- International film poster
- Directed by: Aku Louhimies
- Screenplay by: Jari Olavi Rantala; Antti Jokinen; Mika Karttunen;
- Based on: 6/12 [fi] by Ilkka Remes
- Produced by: Mikko Tenhunen; Antti Jokinen; Evelin Penttilä; Sirkka Rautiainen;
- Starring: Jasper Pääkkönen; Nanna Blondell; Sverrir Gudnason; Cathy Belton;
- Cinematography: Mika Orasmaa
- Edited by: Ben Mercer
- Music by: Lasse Enersen
- Production company: Cinematic
- Distributed by: SF Studios
- Release date: 19 November 2021;
- Running time: 115 minutes
- Country: Finland
- Languages: Finnish; English; Swedish; Serbian; Russian; French;
- Budget: $9–10 million
- Box office: $958,440

= Omerta 6/12 =

2021 Finnish action thriller film

Omerta 6/12 (released in the US as Attack on Finland) is a 2021 Finnish action thriller film directed by Aku Louhimies, based on Ilkka Remes' 2006 novel, 6/12. It tells the story of an attack planned by Serbian terrorists on the presidential palace in Helsinki during the reception for Finland's Independence Day. The film was originally to be directed by Antti J. Jokinen, but having fallen ill, Jokinen was replaced by Louhimies. Omerta stars Jasper Pääkkönen as the main character, with a supporting cast of Nanna Blondell, Sverrir Gudnason, Cathy Belton, Juhan Ulfsak, Dragomir Mrsic, Slaven Spanovic, Märt and Priit Pius, and Mirtel Pohla.

==Synopsis==
The reception for Finland's Independence Day in the capital city, Helsinki, is rudely interrupted when the presidential palace is attacked by Serbian terrorists, and the state leadership, including President Koskivuo, is taken hostage. Max Tanner of the Security Police is appointed as a negotiator in the hostage crisis that unfolds as part of a larger plan to undermine European security. Tanner must make bold and painful decisions to protect lives and the future of Europe.

==Cast==

- Jasper Pääkkönen as Max Tanner
- Nanna Blondell as Sylvia Madsen
- Sverrir Gudnason as Vasa Jankovic
- Cathy Belton as Marie LeClair
- Nika Savolainen as Anya
- Pertti Sveholm as Peter Nylund
- Juhan Ulfsak as Leonid Titov
- Zijad Gracic as Jean Morel
- Miodrag Stojanovic as Borislav Jankovic
- Dragomir Mrsic as Zlatko
- Slaven Spanovic as Toma
- Märt Pius as Slobodan
- Priit Pius as Stanko
- Michael Yare as Jonesy
- Andrei Alén as Sinclair
- Robert Enckell as President Koskivuo
- Gaila Järvsalu as Mrs. Koskivuo
- Mirtel Pohla as Raisa

==Production==
The film's production went through numerous issues, one being safety problems that led to then-director Jokinen not being allowed into the filming area.

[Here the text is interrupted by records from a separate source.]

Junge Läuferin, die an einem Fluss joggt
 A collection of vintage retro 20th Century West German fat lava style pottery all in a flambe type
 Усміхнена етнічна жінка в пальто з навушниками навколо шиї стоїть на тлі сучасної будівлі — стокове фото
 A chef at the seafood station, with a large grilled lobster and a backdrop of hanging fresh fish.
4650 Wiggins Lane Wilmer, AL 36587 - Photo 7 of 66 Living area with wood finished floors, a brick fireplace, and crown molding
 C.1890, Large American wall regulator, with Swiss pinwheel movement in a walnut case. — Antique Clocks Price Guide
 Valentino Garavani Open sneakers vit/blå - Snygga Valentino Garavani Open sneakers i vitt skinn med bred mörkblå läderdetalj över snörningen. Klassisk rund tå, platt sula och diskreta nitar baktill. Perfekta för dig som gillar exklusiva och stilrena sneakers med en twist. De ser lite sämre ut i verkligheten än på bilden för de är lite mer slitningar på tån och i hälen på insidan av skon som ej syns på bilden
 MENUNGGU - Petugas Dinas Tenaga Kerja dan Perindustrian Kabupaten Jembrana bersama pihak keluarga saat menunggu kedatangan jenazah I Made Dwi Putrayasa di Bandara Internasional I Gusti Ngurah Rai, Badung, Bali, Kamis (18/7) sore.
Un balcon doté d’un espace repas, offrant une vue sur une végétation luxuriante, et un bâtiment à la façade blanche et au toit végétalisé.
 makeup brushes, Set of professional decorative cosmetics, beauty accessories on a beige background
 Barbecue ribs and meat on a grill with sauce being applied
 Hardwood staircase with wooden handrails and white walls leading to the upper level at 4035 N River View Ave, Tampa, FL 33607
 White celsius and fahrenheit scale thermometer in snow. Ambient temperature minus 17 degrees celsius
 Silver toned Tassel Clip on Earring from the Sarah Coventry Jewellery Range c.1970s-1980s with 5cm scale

After Louhimies replaced Jokinen, the script was completely rewritten. The film was planned to be the first part of a series consisting of two films and a six-part TV series. Due to the troublesome production, however, the sequel was abandoned, and the series was reduced to four episodes.

==Release==
The film had its international premiere on 19 November 2021. It was theatrically released in North America and on VOD by Samuel Goldwyn Films on 1 July 2022.

==Reception==
===Box office===
Omerta 6/12 grossed $0 in North America and a worldwide total of $958,440.

===Critical response===
On review aggregator Rotten Tomatoes, the film holds an approval rating of 46% based on 13 reviews, with an average rating of 4.8/10.
Metacritic, which uses a weighted average, assigned the film a score of 41 out of 100, based on 4 critics, indicating "mixed or average" reviews.